- [What is being asked]
Going from the line that contains "452 Southwick Ranch" down to the last line in the listing below, reproduce every line exactly and include no others.

- [Data segment]
┄┄┄┄┄┄┄┄┄┄┄┄┄┄┄┄┄┄┄┄

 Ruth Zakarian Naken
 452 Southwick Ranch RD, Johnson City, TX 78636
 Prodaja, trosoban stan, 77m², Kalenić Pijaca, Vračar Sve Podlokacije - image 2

┄┄┄┄┄┄┄┄┄┄┄┄┄┄┄┄┄┄┄┄

- [Expected answer]
 452 Southwick Ranch RD, Johnson City, TX 78636
 Prodaja, trosoban stan, 77m², Kalenić Pijaca, Vračar Sve Podlokacije - image 2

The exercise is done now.